14. The downhole wet-connector and debris exclusion system as claimed in claim 1 wherein the system includes at least one flushing fluid reservoir whose volume is diminishable upon application of axially directed load on the system and whose fluid contents are expelled at a connection site of the system.
15. The downhole wet-connector and debris exclusion system as claimed in claim 14 wherein the at least one flushing fluid is expelled directly out of a connection receptacle of the at least one connector.
16. The downhole wet-connector and debris exclusion system as claimed in claim 14 wherein the at least one flushing fluid is expelled about a periphery of the at least one connector.
17. The downhole wet-connector and debris exclusion system as claimed in claim 1 wherein the profiles are timed to align the at least one connector and the at least one complementary connector prior to an axial motion to connect the at least one connector and the at least one complementary connector.
18. The downhole wet-connector and debris exclusion system as claimed in claim 1 wherein the at least one connector is compliantly mounted in the relatively mobile component.
19. The downhole wet-connector and debris exclusion system as claimed in claim 14 wherein the flushing fluid is a viscosity adjustable fluid
20. The downhole wet-connector and debris exclusion system as claimed in claim 14 wherein the viscosity adjustable fluid is a hydroxyethylcellulose gel.
21. The downhole wet-connector and debris exclusion system as claimed in claim 19 wherein the viscosity adjustable fluid acts as a shock absorber for the system.
22. The downhole wet-connector and debris exclusion system as claimed in claim 1 wherein the at least one connector further includes
- a first conductor passage; and
- a second conductor passage receptive to a complementary connector having a conductor at one end and fluidly connectable to a flushing fluid source at an opposite end thereof, the second conductor passage configured to facilitate conductive connection between the first conductor passage and the complementary connector conductor, the flushing fluid being flushable directly through the second conductor passage.
23. The downhole wet-connector and debris exclusion system as claimed in claim 22 wherein the connector includes a fluid transfer housing capable of coupling the connector to a fluid source.
24. The downhole wet-connector and debris exclusion system as claimed in claim 22 wherein the connector is a fiber optic connector.
25. A method for excluding debris in a connector comprising:
- orientating a relatively mobile component with a relatively stationary component;
- opening a physical barrier to debris for each end of a two part connector; and
- aligning the two part connector and axially engaging the two part connector.

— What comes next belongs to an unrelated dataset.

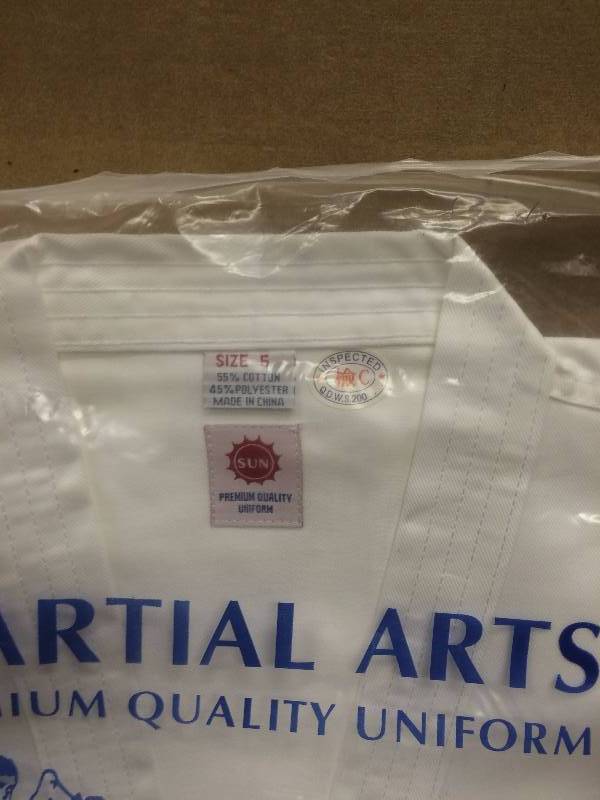 lot 165 image: Martial Arts Premium Quality Uniform - Size 5 - (510 - 190 lbs) New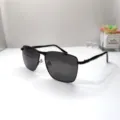 Vue détaillée de lunettes de soleil polarisées noires avec monture en métal et verres sombres. - Monture Noire Verres Noir Gris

26. The method as claimed in claim 25 wherein the method further comprises flushing a flushing fluid directly through at least one end of the two-part connector.
27. The method as claimed in claim 25 further including flushing a flushing fluid around a connection site of the two-part connector.
28. The method as claimed in claim 25 further includes adjusting a viscosity of a flushing fluid and flushing the adjusted viscosity fluid at the connection site.
29. The method as claimed in claim 25 wherein the opening further includes loading the physical barrier to release a release member.
30. The method as claimed in claim 25 wherein the opening includes rotating the barrier.
31. The method as claimed in claim 25 wherein the method includes timing the orientating to ensure axial alignment of the two-part connector.
32. The method as claimed in claim 25 wherein the engaging of the two-part connector is compliant.
Type: Application
Filed: Aug 13, 2007
Publication Date: Feb 19, 2009
Patent Grant number: 7900698
Inventor: Carl W. Stoesz (Houston, TX)
Application Number: 11/891,759
International Classification: C02F 1/00 (20060101);